Dedicated to planting flowers for ten years and one sword

  The inventor of ibuprofen is Stuart Adams, but since he is a lifelong employee of Boots in the UK, the invention and patent of this drug belong to professional behavior, and the inventor and patent owner belong to Boots and Adams .
  On April 16, 1923, the family of a railway worker in Byfield, Northamptonshire, England added another child. He was Adams. Before him, there were two older brothers and one older sister in his family. In the following years, Adams had another a younger brother. Of the five siblings, only Adams went on to achieve outstanding results.

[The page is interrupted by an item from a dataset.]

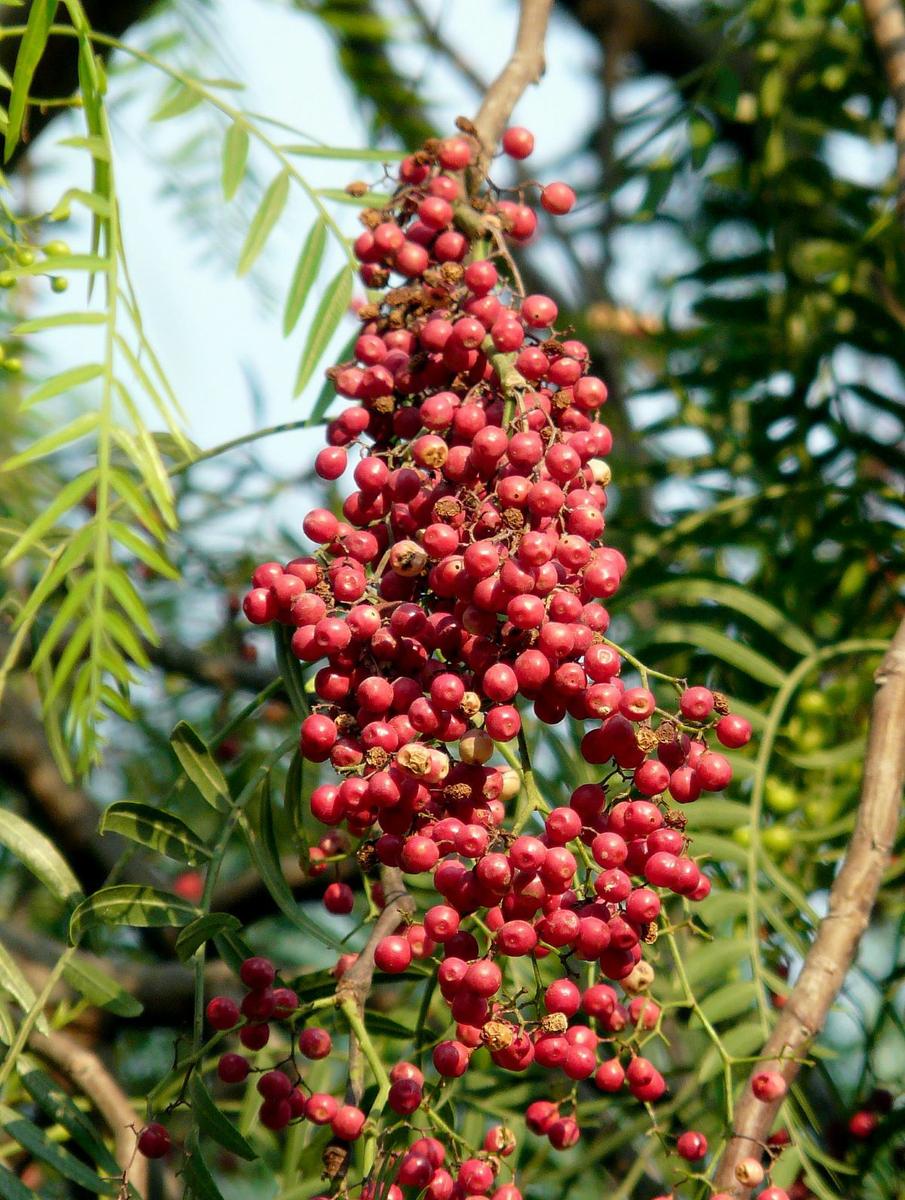 Los frutos del Schinus molle son rojos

  Due to the poverty of his family, Adams attended Byfield Township School when he started school. In 1933, Adams moved with his parents to Doncaster, South Yorkshire, where he studied at Doncaster Grammar School. In 1937, Adams went to Mazzie Grammar School, but finally dropped out of school when Adams was 16 years old (1939) because his family could not afford the tuition.
  Afterwards, Adams did a 3-year apprenticeship at Mazi’s Boots chain (drugstore) and became a pharmacist. This process led Adams to develop an interest in pharmacology. On the one hand, Adams was willing to learn, and on the other hand, his hard work won the trust of Boots, which sponsored him to study pharmacy at the University of Nottingham, UK. In 1945 Adams received a bachelor’s degree in medicine.

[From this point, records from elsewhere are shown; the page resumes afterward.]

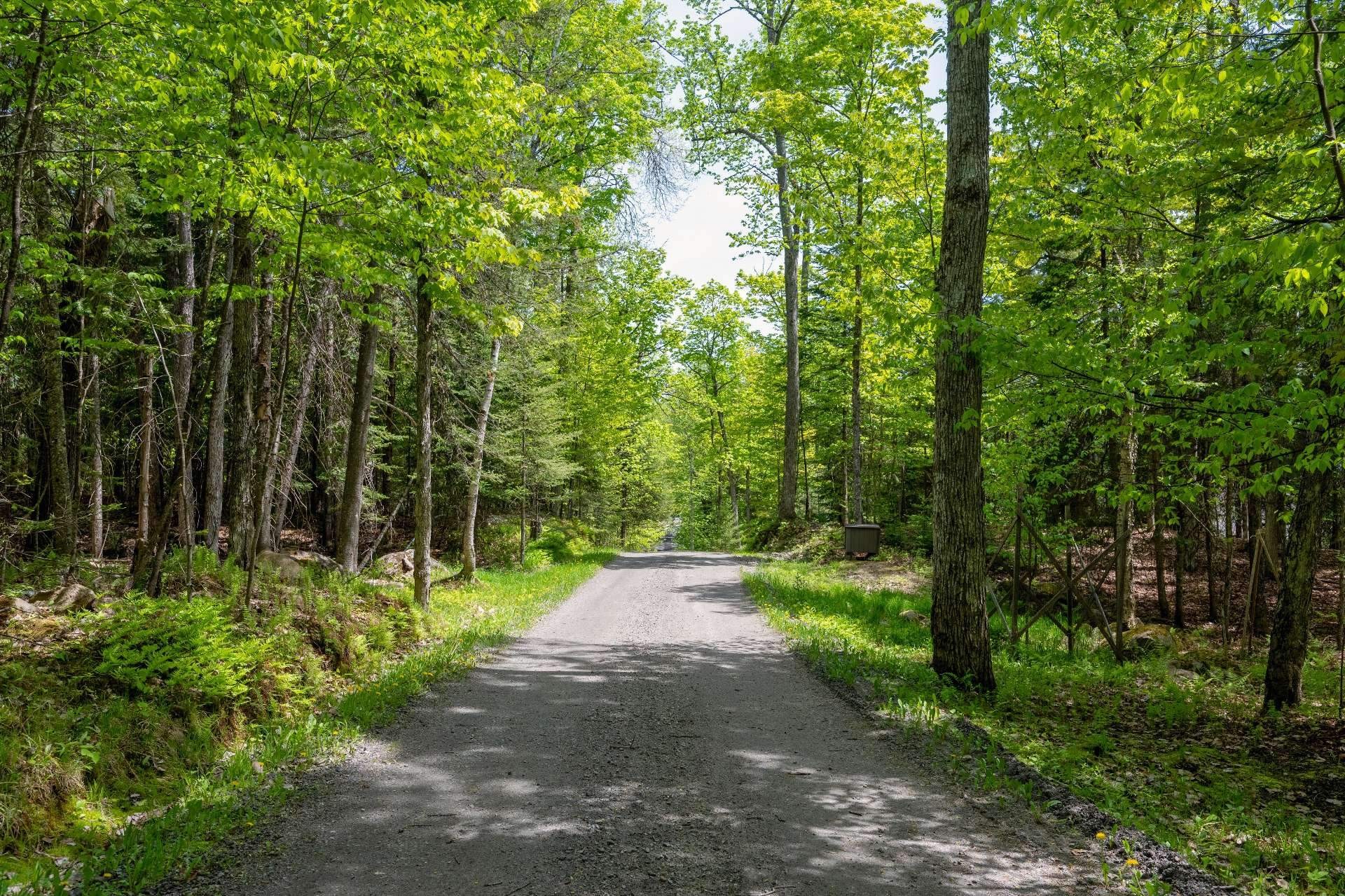 









1816


Ch. du Lac-Boileau O.

,
Rivière-Rouge,




QC
J0T1T0


  After graduation, Adams returned to Boots to work and participated in the company’s research on the development of penicillin. Five years later, Adams won a £600 scholarship from the Royal Society of Medicine to fund his PhD in Pharmacology at the University of Leeds. In 1952, Adams completed his studies and returned to Boots’ research and development group. In 1953, after graduating from his Ph.D., Adams turned to the study of painkillers. Therefore, the research on ibuprofen is not completely “unintentional planting”, but partly the work of “intentional planting” by Adams and his company.
  At the time, Adams and company began researching treatments for rheumatoid arthritis. The disease caused severe pain to patients, and the main drugs that could relieve this pain at that time were corticosteroids and high doses of aspirin, but these drugs had unbearable side effects.

Hangover Headache Trials

  Although ibuprofen was the intentional work of Adams and the company’s team, it also experienced many unintentional moves, and it took a long time. This also proves that the research and development of a new drug or vaccine requires more than “two tens”, that is, more than 10 years and more than US$1 billion in funding.

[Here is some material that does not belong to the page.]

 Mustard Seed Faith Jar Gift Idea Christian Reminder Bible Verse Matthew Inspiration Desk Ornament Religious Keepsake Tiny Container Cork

  To sidestep the side effects of high-dose aspirin, Adams turned to other pain-relieving chemicals. After 1953, Adams found two aspirants to assist in the research, one was Dr. John Nicholson, a chemist, and the other was Colin Burrows, a technician.
  The research team tested more than 600 compounds day and night during the 6 years in the suburbs of Nottingham. Only 4 of them reached the clinical trial stage, but all of them fell short due to relatively large side effects in the trial. However, in the late 1950s, Adams’ team discovered that the side effects of previous compounds were greater because they were absorbed in large quantities by various tissues in the body. Therefore, side effects can only be avoided by making the drug dose both small and effective.
  So they shifted their focus from acetic acid to propionic acid. When they started working on a family of compounds called phenylpropionic acids, Adams’ team discovered a compound called p-isobutylphenylisopropionic acid that not only relieves pain, but also has few side effects. After hundreds of tests on animals and humans, they confirmed that it was more than three times as potent as aspirin, had far fewer side effects, and could also treat fevers.